#### Your goal:
Reproduce word for word the line holding "Match Highlights |" and all lines after it in the data, through the end, leaving out pictures.

(Captioned web image data)
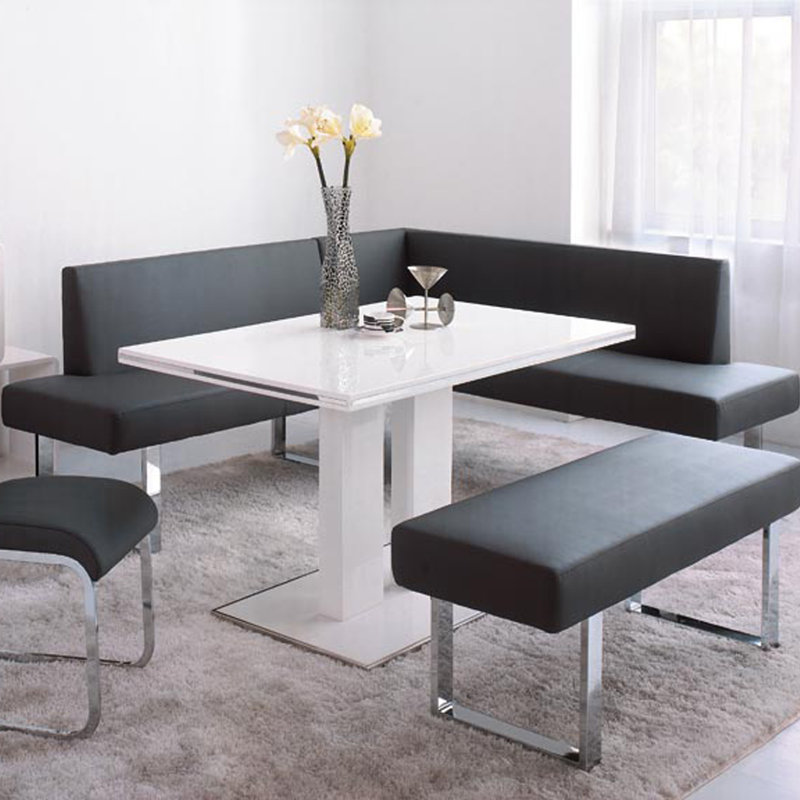 Wade Logan Robb 79 5 Faux Leather Right Hand Facing Sofa Chaise Reviews Wayfair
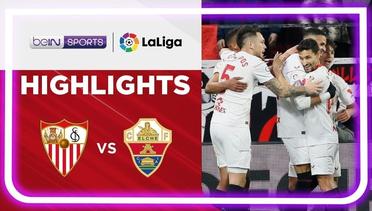 Match Highlights | Sevilla vs Elche | LaLiga Santander 2022/2023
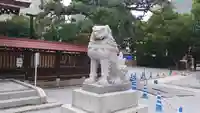 警固神社の狛犬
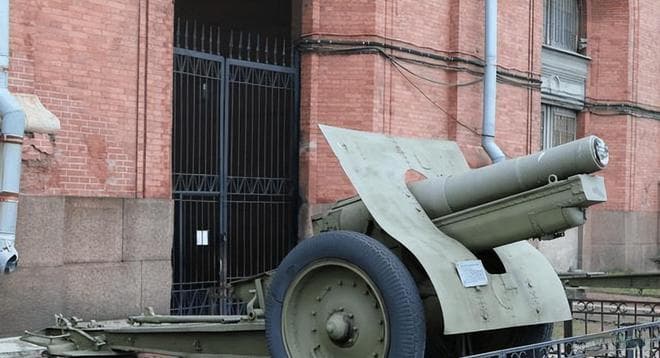 “152神教”的开始—苏联M1938型152毫米榴弹炮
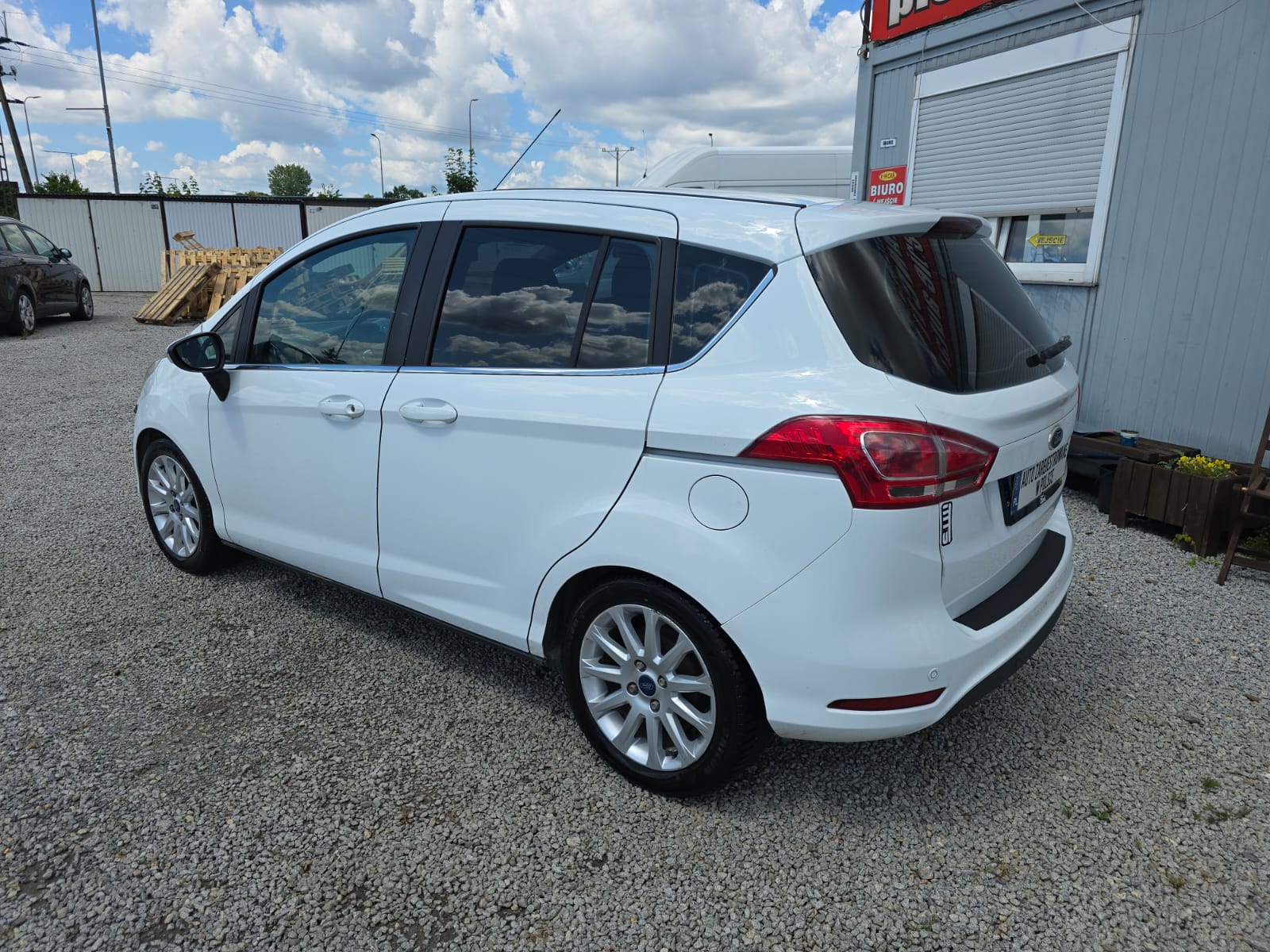 1 ROK GWARANCJI W CENIE AUTA, Zamiana, Ford B-Max, 1.6 Diesel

#### Written solution:
 Match Highlights | Sevilla vs Elche | LaLiga Santander 2022/2023
 警固神社の狛犬
 “152神教”的开始—苏联M1938型152毫米榴弹炮
 1 ROK GWARANCJI W CENIE AUTA, Zamiana, Ford B-Max, 1.6 Diesel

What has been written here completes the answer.